Recently I was doing some small testing by using EC2 instances on AWS and I noticed the execution time and performance highly depend on which time of the day I am running my scripts. I was using t3.xlarge
instance type as I didn’t need many CPUs and memory for my tests, but from time to time I planned to use all the resources for a short time (few minutes), and this is when I noticed the difference.
First, let’s see what AWS says about T3
instances:
T3 instances start in Unlimited mode by default, giving users the ability to sustain high CPU performance over any desired time frame while keeping cost as low as possible.
In theory, I should not have any issues or performance differences. I have also monitored the CPU credit balance and there was no correlation between the balance and the performance at all, and because these were unlimited instances the balance should not have any impact.
I have decided to start a longer sysbench
test on 3 threads to see how the QPS changes over the day.
As you can see, the Query Per Second could go down by almost 90%
, which is a lot. It’s important to highlightthat the sysbench script should have generated a very steady workload. So what is this big difference? After checking all the graphs I found this:
Stealing! A lot of stealing! Here is a good article which explains stealing very well. So probably, I have a noisy neighbor. This instance was running in N. California
. I have stopped it and tried to start new instances to repeat the test but I have always gotten very similar results. There was a lot of stealing which was hurting the performance a lot, probably because that region is very popular and resources are limited.

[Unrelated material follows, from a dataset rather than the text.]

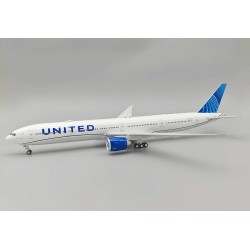 1/200 UNITED AIRLINES BOEING 777-322/ER N2251U WITH STAND IF773UA0725 1/200 UNITED AIRLINES BOEING 777-322/ER N2251U WITH STAND IF773UA0725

Out of curiosity, I have started two similar instances in the Stockholm
region and repeated the same test and I got very steady performance as you can see here:
I guess this region is not that popular or filled yet, and we can see there is a huge difference between where you start your instance.
I also repeated the tests with the m5.xlarge
instance type to see if it has the same behavior or not.
N. California
Stockholm
After I changed the instance type, we can see that both regions give very similar, steady performance, but if we take a closer look:
N. California
Stockholm
The instance in Stockholm
still performs almost 5% more QPS as in N. California
, and uses more CPU as well.
Conclusion
If you are using T2
and T3
instance types, you should monitor the CPU usage very closely because noisy neighbors can hurt your performance a lot. If you need stable performance, T2
and T3
are not recommended but if you only need a short burst it might work but still, you have to monitor the steal. Other instance types can give you a much more stable performance but you could still see some difference between the regions.